The University of Southampton

PRiME hosts International Symposium Workshop on Many-Core Computing: Hardware and Software

Published: 17 January 2018
Illustration
Professor Bashir Al-Hashimi

The PRiME Programme at the University of Southampton is hosting a two-day international symposium this week (17-18 January 2018).

The UK’s Engineering and Physical Science Research Council (EPSRC) has made significant investment over the last 5 years in the area of “many-core computing”. To celebrate and promote these research activities, PRiME has organised – and will feature in – the International Symposium Workshop on Many-Core Computing: Hardware and Software.

PRiME, is a five year £5.6m EPSRC funded research programme, which brings together Southampton, Imperial, Manchester and Newcastle universities with world-leading expertise in low power, highly-parallel, reconfigurable and dependable computing and verified software design.
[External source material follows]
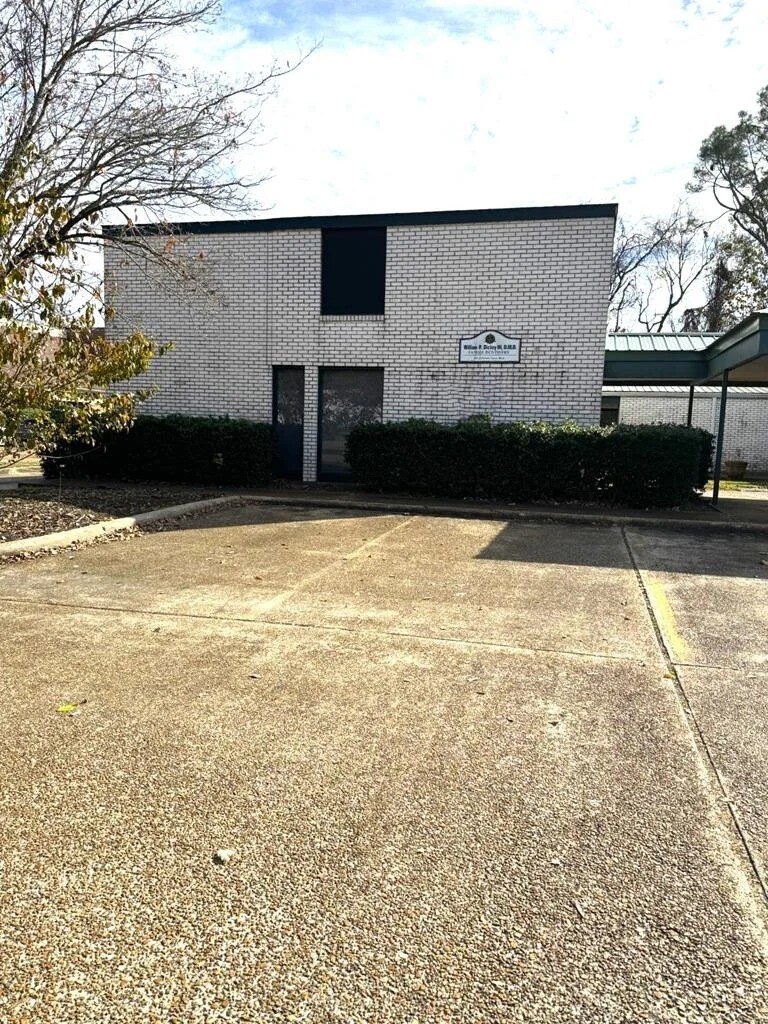 142 Jefferson Davis Blvd Natchez, MS 39120 Office Property for Sale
Working in collaboration with five companies and seven international visiting experts, PRiME is addressing the challenge of power consumption and reliability of future high-performance embedded systems utilising many-core processors.
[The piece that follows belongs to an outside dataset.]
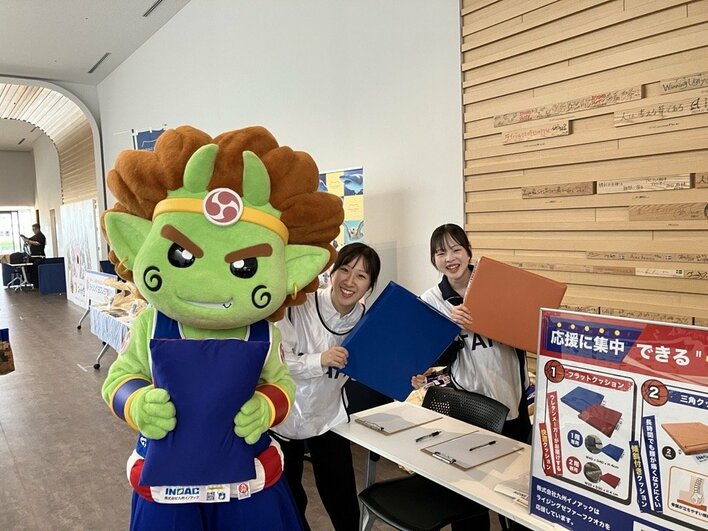 福岡 専門学校麻生リハビリテーション大学校、学生が来場者4,000名超のプロスポーツ現場を体験 ライジングゼファーフクオカとの教育連携で運営ボランティアに参加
Its Director, Professor Bashir Al-Hashimi (Dean of the Faculty of Physical Sciences and Engineering at Southampton), says: “Energy efficient computing is at the heart of the digital world and PRiME, a strategically funded EPSRC project, has been researching and developing novel methods of significantly reducing energy consumption of computation. This by-invitation only international symposium brings together the leading researchers from academia and the industry from worldwide to share the latest research developments and debate the key future scientific challenges of high performance and energy efficient computing.”

Around 60 international experts from academia and industry will hear from 30 speakers and panellists. Participants have been invited from the UK and Northern Ireland, Germany, Switzerland, France, US and China as well as from companies including ARM, Microsoft and Intel.

The symposium will be followed by the final PRiME Advisory Board as it enters the last year of the project.